Started by firebrand Hurriyat (G) leader Masarat Alam, as part of what he called a Quit Kashmir Campaign, the calendars were religiously, issued every week or so, and religiously followed to by people.

The first calendar as issued on June 24, a day after Hurriyat (G) chairman Syed Ali Shah Geelani was booked under Public Safety Act. Alam had been released from 21-month-long detention under repeated PSA’s only on June 8.  The valley was boiling against the killing of teenager Tufail Matoo and other youth in Srinagar and Sopore. Soon after Tufail’s killing there had been frequent shutdowns in the month, some called for by Hurriyat, others enforced by street protestors.

Alam’s first calender was an innovation over the strikes. It comprised of novel methods, like protests on social networking websites (Facebook), and graffiti on roads and walls. It also contained separate days and timings for peaceful protests by students, girls, and different sections of society, like lawyers and traders.

The nine day protest programme (calender) had only two days of total shutdowns. But as the situation in the valley kept heating up, with repeated instances of killings by firing on protests, shutdowns were enforced by protestors on their own. The later calenders began to have more of shutdowns. Calls for peaceful processions, and sit in, automatically converted into a shutdown, as authorities responded with curfew like restrictions.

It was in his first calendar that Alam asked people to inscribe “Go India, Go Back” on walls, streets and internet forums. The graffiti took time to pick up. On June 27, the day Alam had listed for graffiti, very few appeared. But slowly, they became an integral part of protests in Kashmir. Walls and streets were flooded with signs of ‘Go India, Go Back’.  Authorities had a tough time wiping off the signs, especially from airport road, ahead of the visit of All Party Delegation of parliamentarians.
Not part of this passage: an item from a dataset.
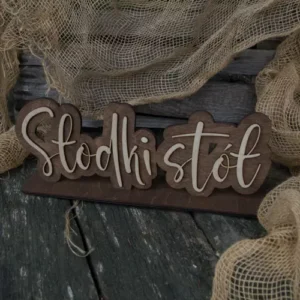 Drewniany napis stojący – Słodki stół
Similarly, the protest calendars, issued back to back, became the peg of protests, so much so, that life in Kashmir revolved around the calendars. They were eagerly waited for by people as well as the authorities, who would draw their curfew calendar accordingly. Schools, universities, and examination boards, would draw their examination calendar according to the Hurriyat (G) calendar.

In later stages, the government tried to break the calendar by clamping curfews on days meant for normal business in Hurriyat calendar, but gave up after the move failed to yield the desired results.  

While Masrat remained the brain behind the calendar, Chairman Geelani took charge of them after he was released by the government in an effort to calm down the protests in Valley. The calendar frenzy fizzled out after Eid-ul-Adha and Darbar Move (biannual movement of government offices between Srinagar and Jammu cities) in November. Many analysts say, the protest programme required improvisation to make these less reliant on shutdowns, as people besieged in their homes for months without business could not take it for long. In fact, some would say, nobody even expected it to last as long as it did.